- [Exercise]
Repeat only what runs from the line with "1485 Sappanwood, Thousand Oaks, CA 91320" through the last line of the data below, both included, keeping every word as it is and leaving out the pictures.

Scraped caption text data:

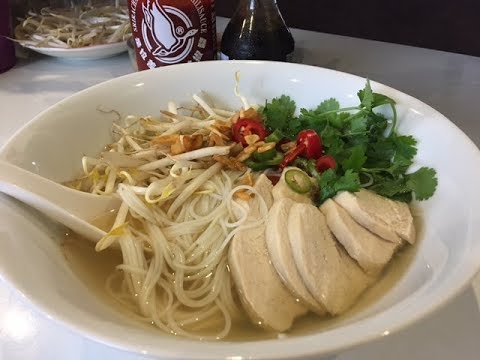 Łatwy przepis na tajską zupę z kurczaka.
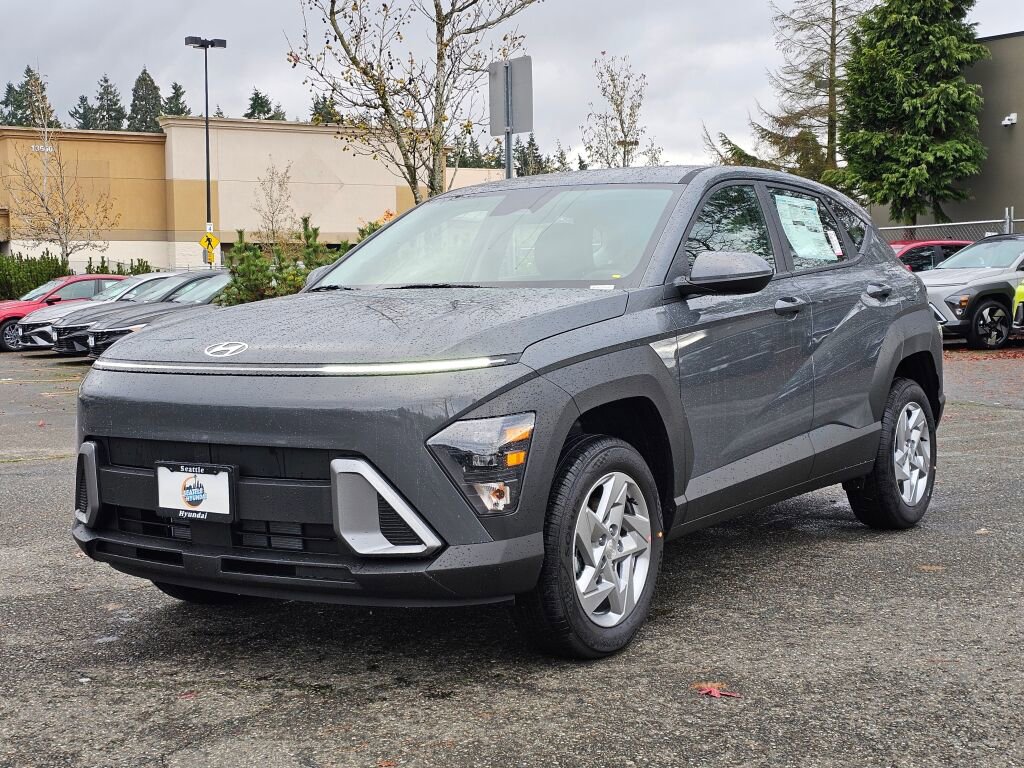 New 2026 Hyundai Kona SE image 3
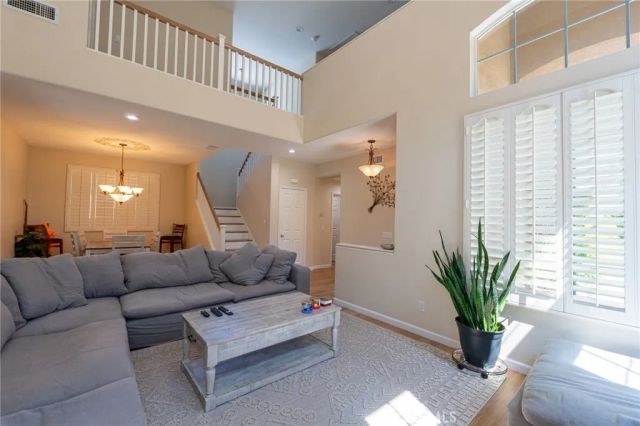 1485 Sappanwood, Thousand Oaks, CA 91320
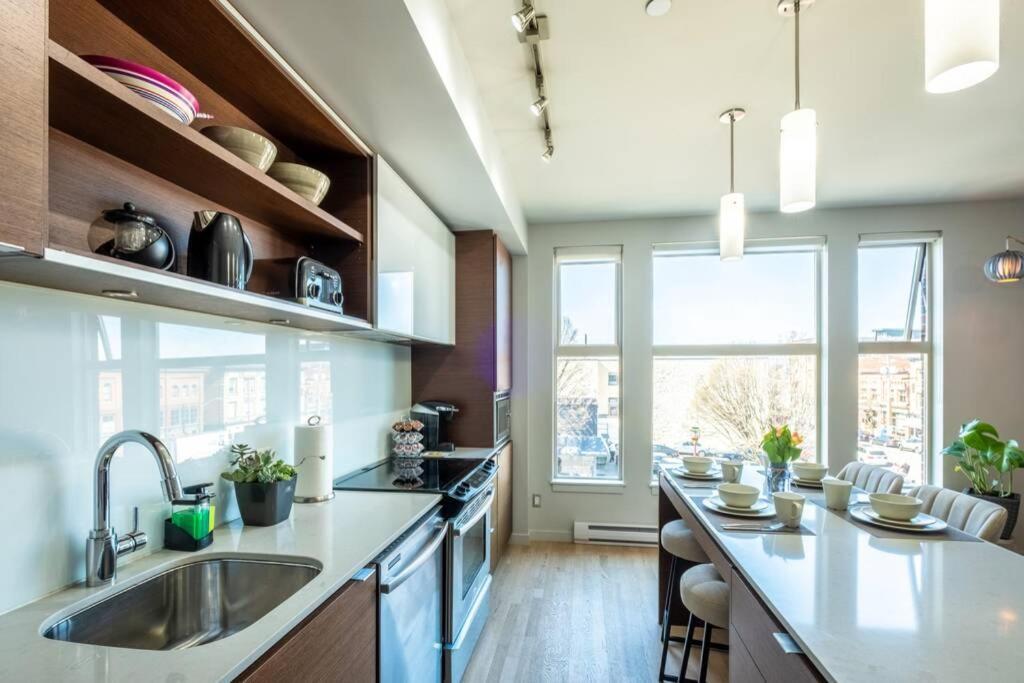 Clean 3Rd Floor 1 Bedroom Apt In Old Town China Town Victoria Esterno foto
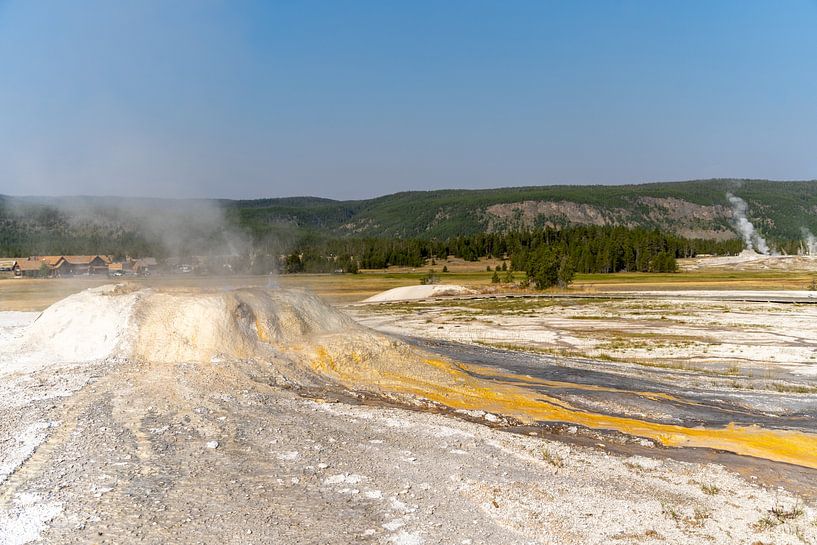 Geysers in Yellowstone National Park, USA by Jeroen van Deel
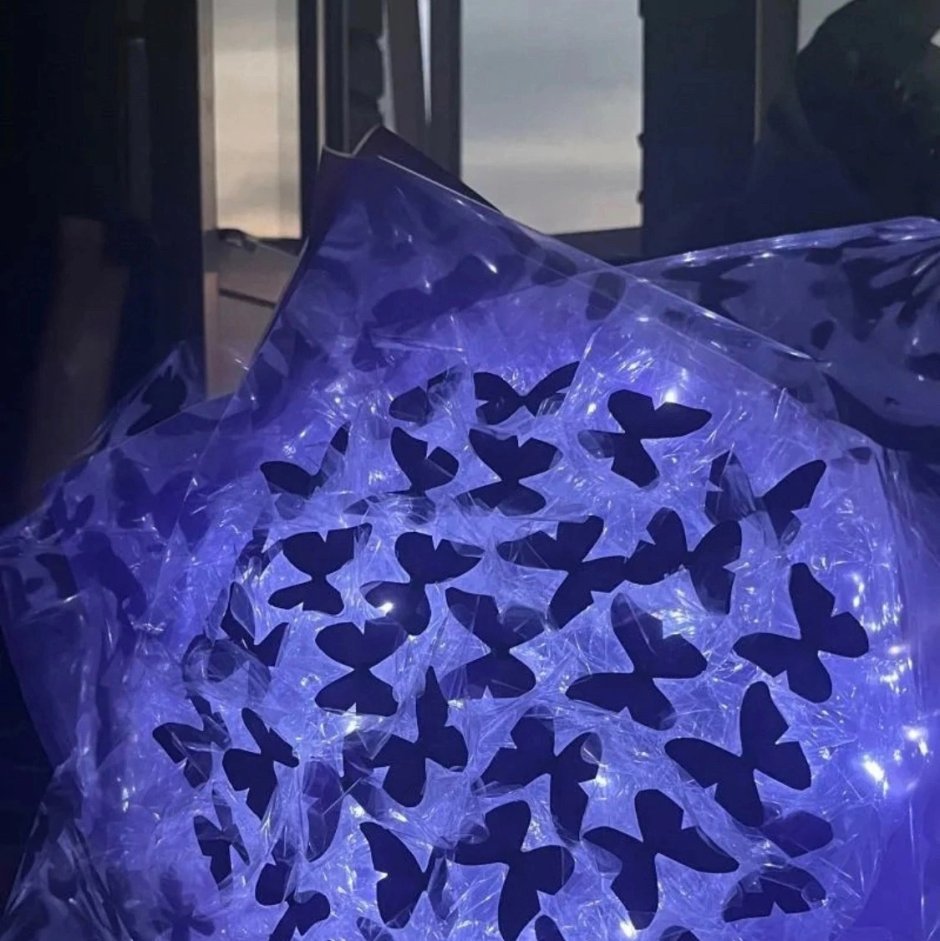 Букеты из бабочек светящиеся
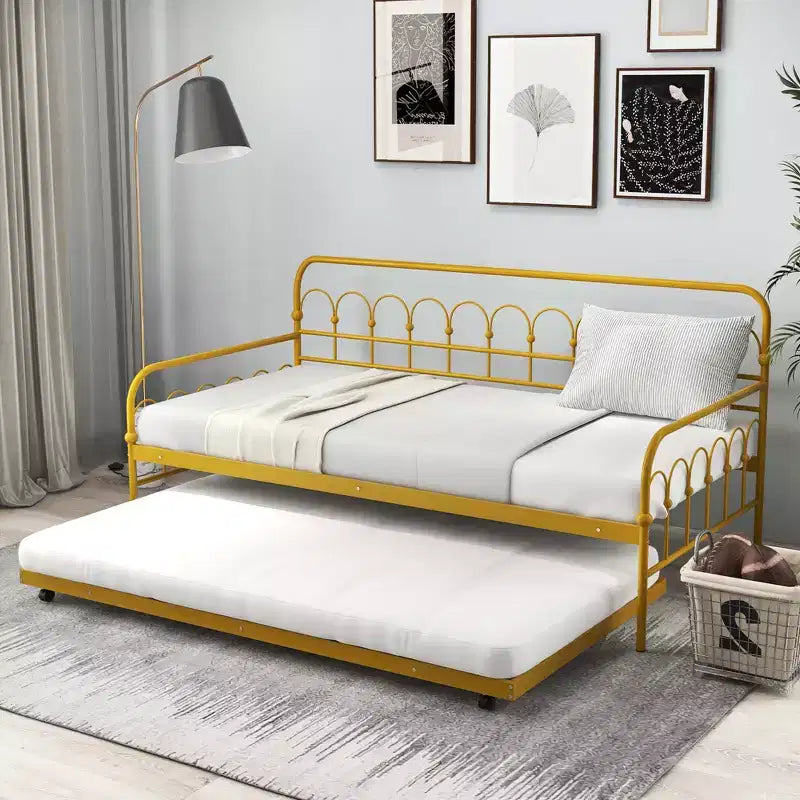 Costway Metall-Tagesbett in Einzelgröße mit ausziehbarem Unterbett, platzloses Schlafsofa, feststellbare Rollen, Gold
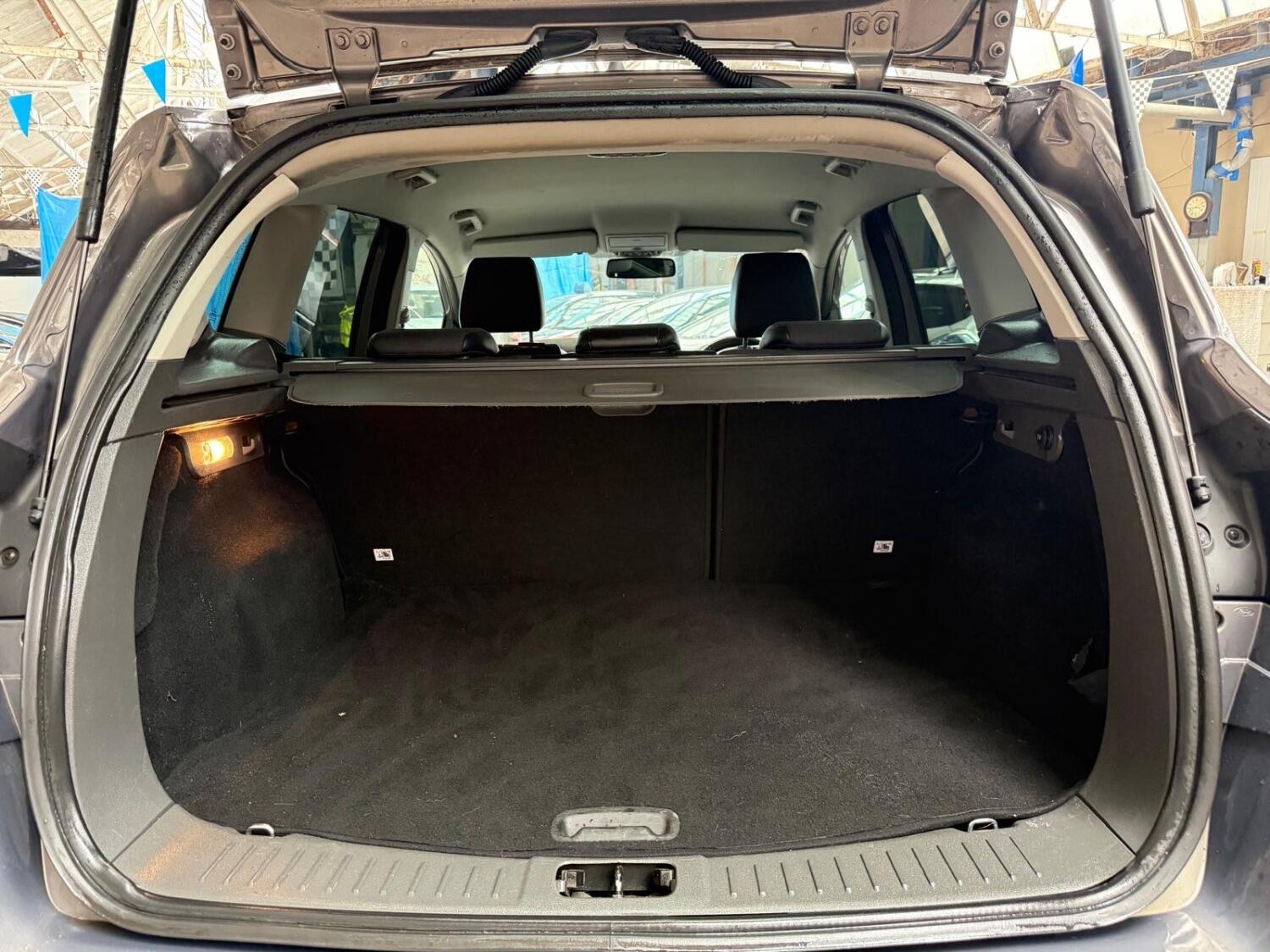 Used Ford Kuga 2011 for sale - 76794331: Photo 13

- [Answer]
 1485 Sappanwood, Thousand Oaks, CA 91320
 Clean 3Rd Floor 1 Bedroom Apt In Old Town China Town Victoria Esterno foto
 Geysers in Yellowstone National Park, USA by Jeroen van Deel
 Букеты из бабочек светящиеся
 Costway Metall-Tagesbett in Einzelgröße mit ausziehbarem Unterbett, platzloses Schlafsofa, feststellbare Rollen, Gold
 Used Ford Kuga 2011 for sale - 76794331: Photo 13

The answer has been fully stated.